Imagine if one day in the future, doctors could diagnose throat cancer, Alzheimer’s, depression or other diseases based on the sound of a patient’s voice. To help make that a reality, Washington University School of Medicine in St. Louis is joining the National Institutes of Health (NIH) Bridge2AI program, an estimated $130 million initiative intended to expand the use of artificial intelligence (AI) in biomedical and behavioral research.
One of the first projects involves building a database of diverse human voices and harnessing the tools of AI and machine learning to train computers to identify diseases based on characteristics of the human voice. This effort — called Voice as a Biomarker of Health — will bring together researchers from 12 institutions in North America, including Washington University, to build the database, which will be ethically sourced and also protect patient privacy.
“There is evidence that well-designed computer models can predict who has dementia or cancer, for example, based on voice recordings, which would then supplement additional methods of diagnosis,” said Philip R. O. Payne, PhD, the Janet and Bernard Becker Professor, chief data scientist and director of the Institute for Informatics. “We also will be leading new efforts in education and workforce development in the area of AI and its applications in biomedicine. As part of that, this project will help define a whole new way of producing these types of complex data sets and sharing them — in ethical ways that safeguard privacy — with a broad variety of scientists.”
Payne is leading the project at Washington University and collaborating with investigators across North America, including at the University of South Florida, in Tampa, and Weill Cornell Medicine in New York, who are leading the project nationally.
In addition to building this unique data set, Washington University will co-lead a skill and workforce development core for the national project. The core, co-led with Oregon Health & Science University, will focus on training investigators — including scientists from academic institutions, industry, government and even citizen scientists — from all over the country to be able to access and use the voice data for research. According to Payne, any researcher seeking to learn how to use the data set will receive an individualized education plan with much of the learning delivered in a virtual format and then supported with one-on-one mentoring.
“Oftentimes, citizen scientists, or people we would include in that category, are patients who have the diseases themselves or specialists in private practices who help patients with specific conditions, such as people who stutter and the speech pathologists who work with them,” Payne said. “We are developing outreach efforts to engage with people in the community to participate in this research and also to help us gather a rich and diverse data set of human voices. This is vital to building an ethical and representative data set that eliminates potential bias.”

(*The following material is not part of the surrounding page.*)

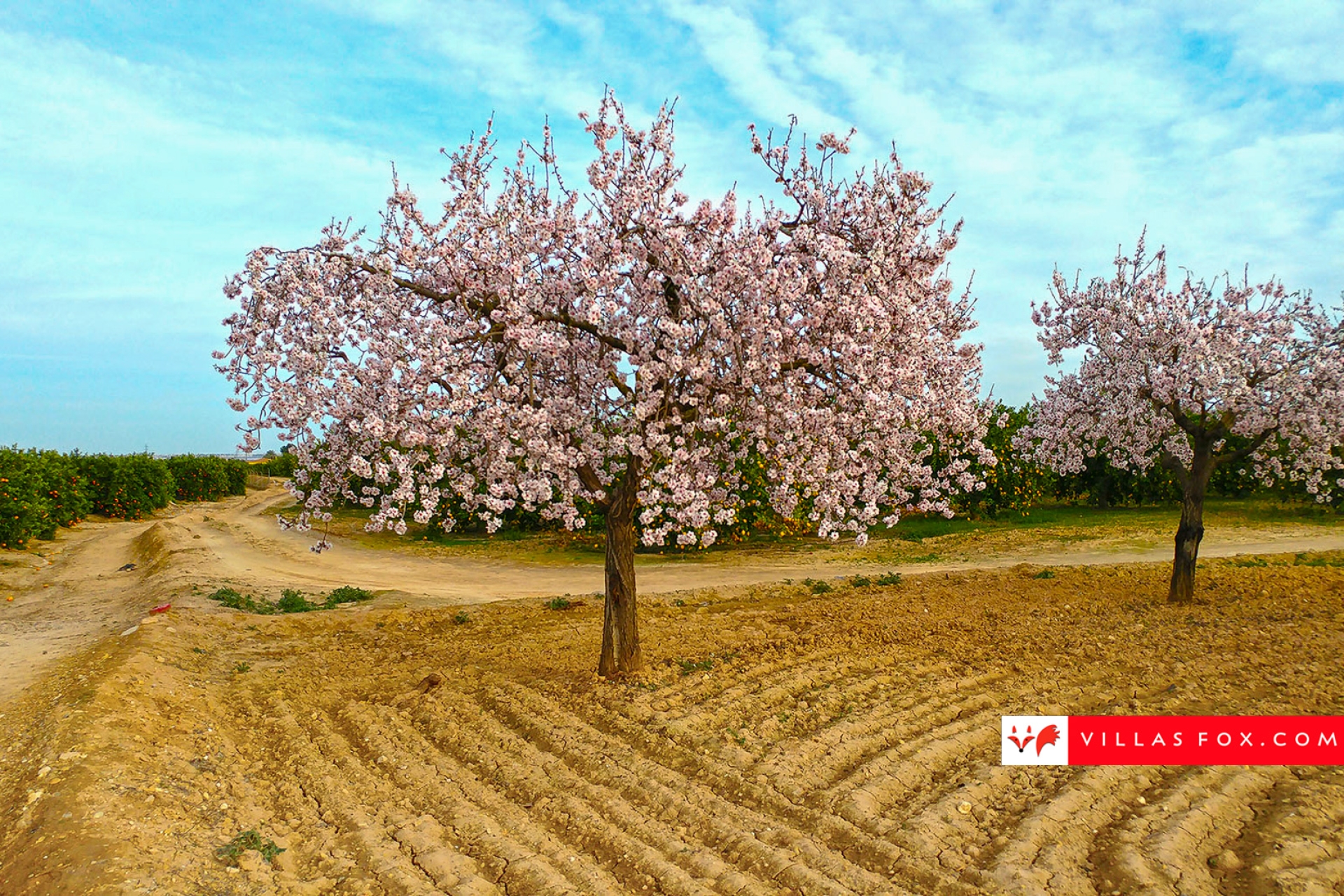 almendro_large_1800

Based on the existing literature and ongoing research, the research team has identified five disease categories for which voice changes have been associated with illness and there is a pressing need to improve early diagnosis. Data collected for this project will center on the following disease categories:
- Voice disorders (laryngeal cancers, vocal fold paralysis, benign laryngeal lesions).
- Neurological and neurodegenerative disorders (Alzheimer’s, Parkinson’s, stroke, amyotrophic lateral sclerosis).
- Mood and psychiatric disorders (depression, schizophrenia, bipolar disorders).
- Respiratory disorders (pneumonia, chronic obstructive pulmonary disease, heart failure).
- Pediatric voice and speech disorders (speech and language delays, autism).
Although preliminary work with voice data has been promising, limitations to integrating voice as a biomarker in clinical practice have been linked to small data sets, ethical concerns around data ownership and privacy, bias and lack of diversity of the data. To solve these, the Voice as a Biomarker of Health project is creating a large, high-quality, multi-institutional and diverse voice database that is linked to identity-protected and unidentifiable biomarkers from other data, such as demographics, medical imaging and genomics. Federated learning technology — a novel AI framework that allows machine learning models to be trained on data without the data ever leaving its source — will be deployed across multiple research centers by the French-American AI biotech startup Owkin to demonstrate that cross-center AI research can be conducted while preserving the privacy and security of sensitive voice data.
“Using voice to help diagnose disease becomes particularly interesting when you think about the proliferation of virtual care and telemedicine during the pandemic,” Payne said. “Doctors have gotten more accustomed to seeing people at a distance even though they can’t examine the patients physically. But what if, during a virtual visit, there is an AI algorithm that can identify high blood pressure, for example, based on the patient’s voice. We’re not there yet, but this could potentially make future telemedicine more useful, with higher quality, better safety and improved health outcomes, especially for people who live far away from health-care providers.”
Supported by AI experts, bioethicists and social scientists, the project aims to transform the fundamental understanding of diseases and introduce a new method of diagnosing and treating diseases into clinical settings. Because recordings of the human voice are low-cost, easy to store and readily available, diagnosing diseases through the voice using AI could be a transformative step in precision medicine and health-care accessibility, Payne added.